Pictures do not belong in the copy. Write out exactly the lines from the one containing "Thumbnail: 2024 MINI Cooper Hardtop - 21" through the end of the data.

═══ Extracted entries

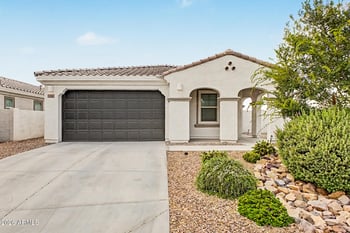 332 202nd Ln, Buckeye, AZ 85326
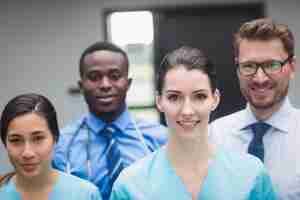 Foto grátis equipe médica sorridente, reunida no corredor do hospital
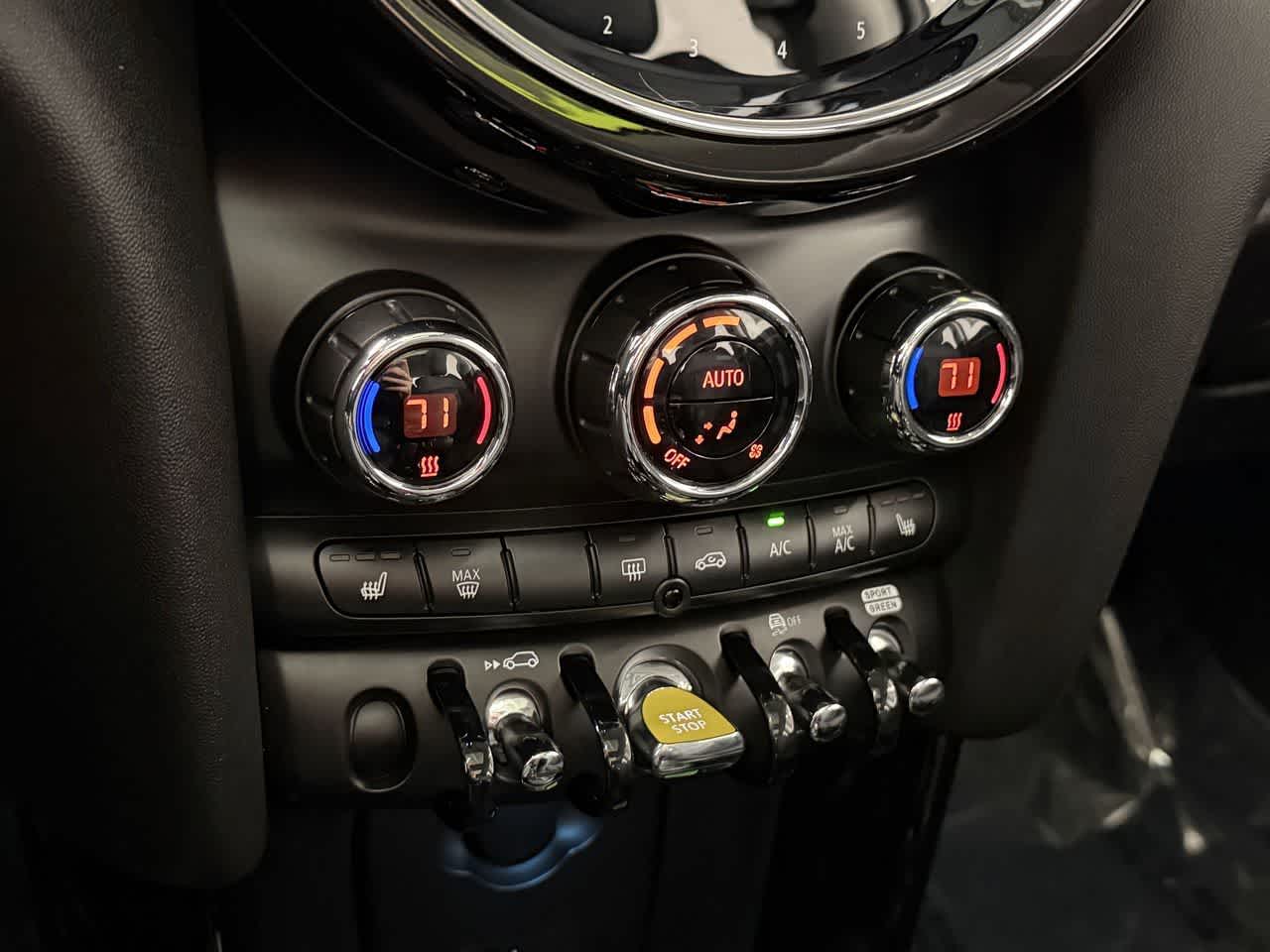 Thumbnail: 2024 MINI Cooper Hardtop - 21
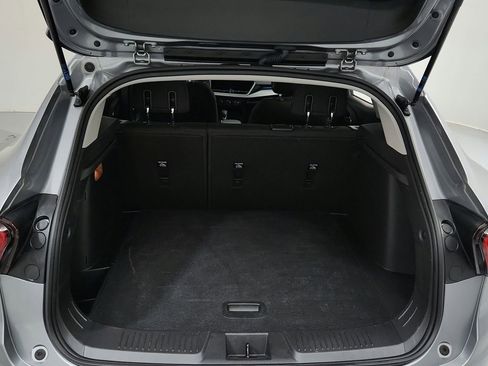 Certified 2025 Chevrolet Trax LS w/ LS Convenience Package FWD image 20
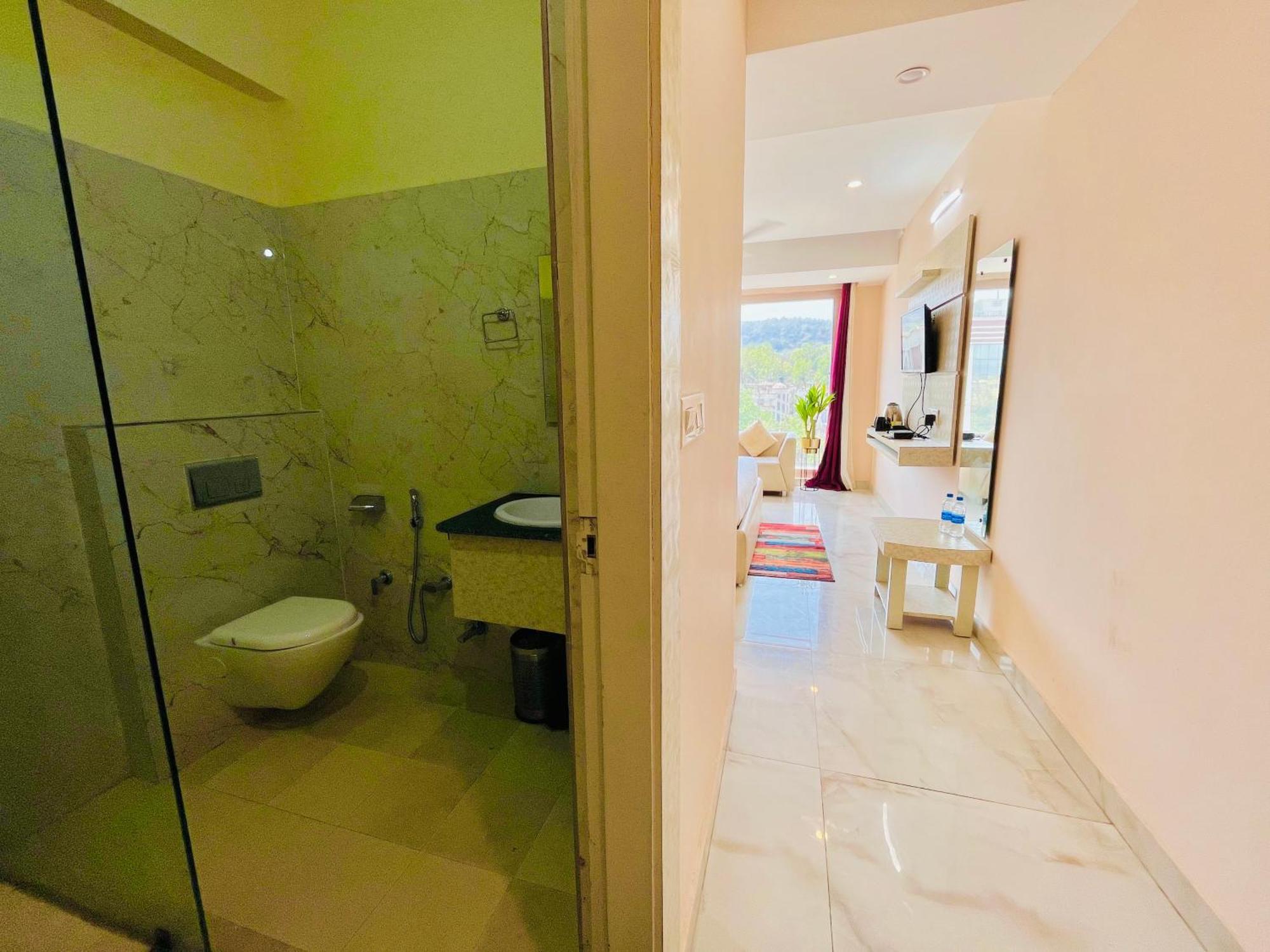 Hotel Golden Temple View By La Casa, Amritsar #Top Rated #Most Awarded #Swimming Pool #Prime Location #Luxury Rooms #Parking #Rooftop Cafe Eksteriør billede
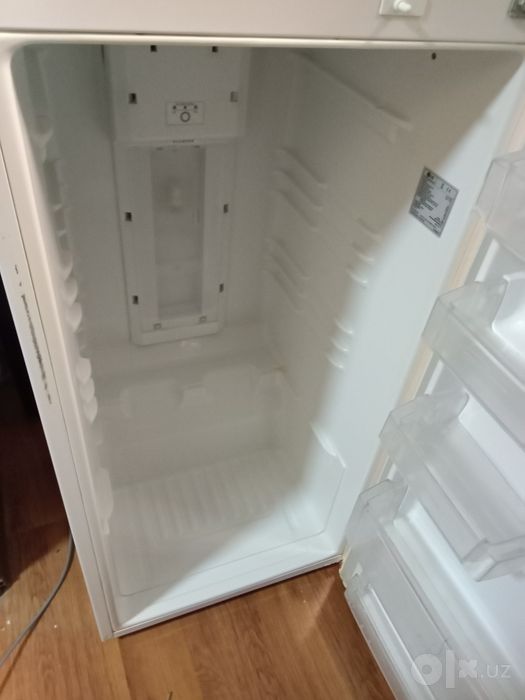 Продается Холодильник LG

══════

__Your response__
 Thumbnail: 2024 MINI Cooper Hardtop - 21
 Certified 2025 Chevrolet Trax LS w/ LS Convenience Package FWD image 20
 Hotel Golden Temple View By La Casa, Amritsar #Top Rated #Most Awarded #Swimming Pool #Prime Location #Luxury Rooms #Parking #Rooftop Cafe Eksteriør billede
 Продается Холодильник LG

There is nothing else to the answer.